Let’s look at it each of these reasons in greater depth.

Reason 1: Getting Bogged Down

Companies get bogged down in automation. While there’s no question that automation is a great marketing solution and creates significant efficiencies in the demand generation process, marketing automation is not as “automatic” as we’d like it to be.
A successful marketing automation implementation should have a significant “change management” component. That change management component gets the people, processes, and systems aligned, and it speeds up the changes needed for successful implementation.
In most cases, members of the marketing team have been trained in the new software, and they usually have an understanding of what change management is needed. However, unless the change management process is being driven by senior management, the change will be very slow.
When the change management process is slow, the people who interact directly with the marketing automation system will only be able to implement parts of that system. It’s a rare client that uses all the capabilities of their marketing automation system. That is primarily due to the marketing team focusing on getting a minimum implementation working effectively rather than optimizing their demand gen efforts by taking advantage of all the benefits system has to offer.
To improve the effectiveness of the marketing automation system and generate the right kind of leads, senior management must drive the change management process across the entire organization.

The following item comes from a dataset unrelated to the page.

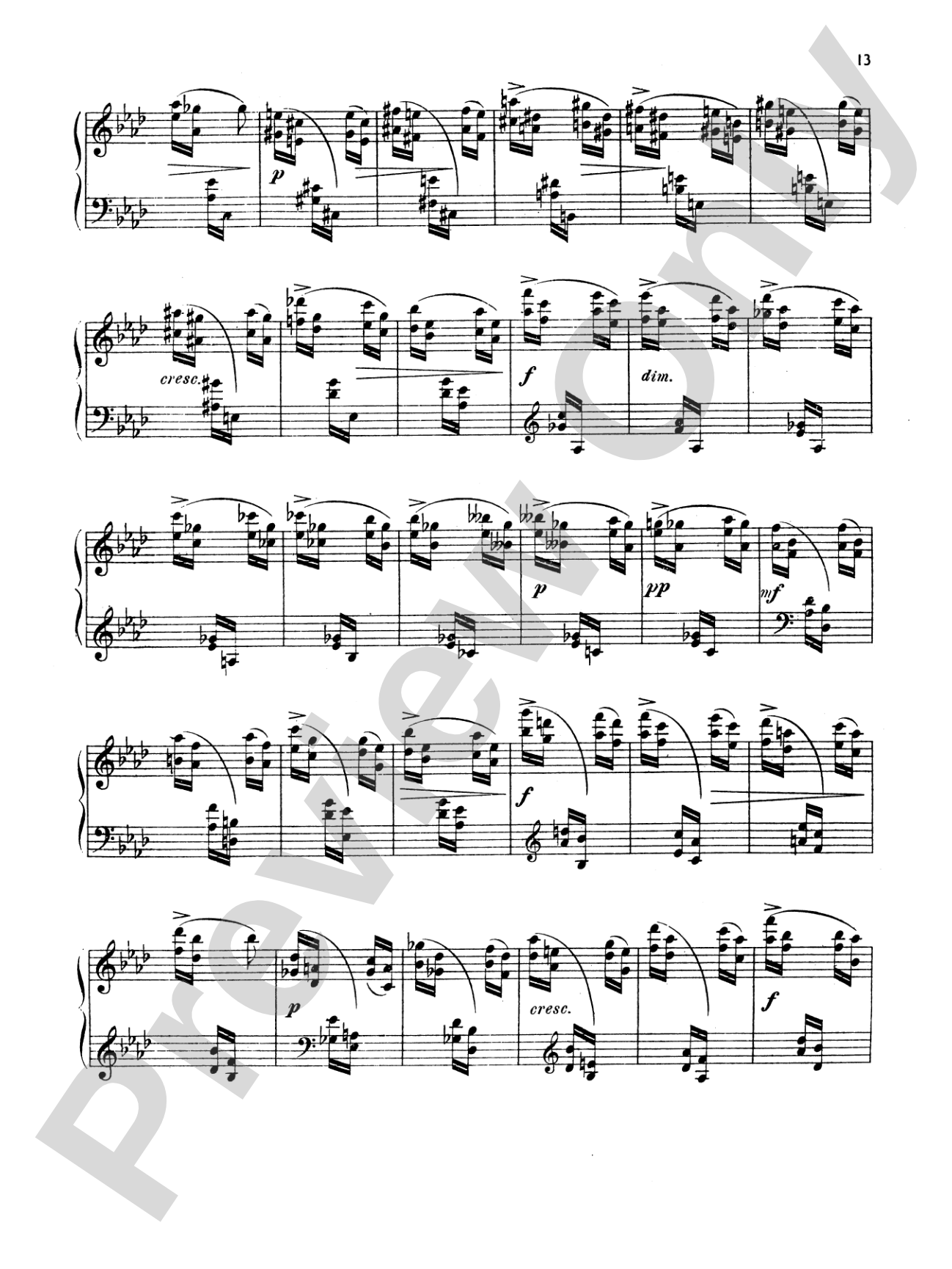 Arensky: Trois Esquisses, Op. 24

Reason 2: The Market Intelligence Gap

Marketing teams generally do a good job of understanding what buyers are going through early in the buyer’s journey. They closely monitor what their competitors aredoing and understand their competitors’ positioning strategy. As a result, they understand what buyers have been exposed to already. By using a variety of social listening tools, competitive analysis, and market research, marketing is able to understand what buyers think about those competitive messages, messages from their own brand, and messages from customers and analysts.
But in our experience, where marketing fails is that they don’t share with the sales department these insights into what the buyer thinks with the sales department. We call this the Market Intelligence Gap.
Marketing is so focused on delivering leads that they fail to deliver critical information that would help the sales rep succeed with those leads. Marketing invests time and resources collecting market, customer, and prospect information, but rarely do they provide those key insights when a member of the sales team begins to engage with that buyer.
To maximize the value sales gets out of a lead, marketing needs to help sales “meet the buyers where they are,” based on the market intelligence that’s been gathered about what the buyers are going through.
Marketing can close the Market Intelligence Gap by designing an information delivery system around what’s needed by the sales teams during their direct communication with the buyer.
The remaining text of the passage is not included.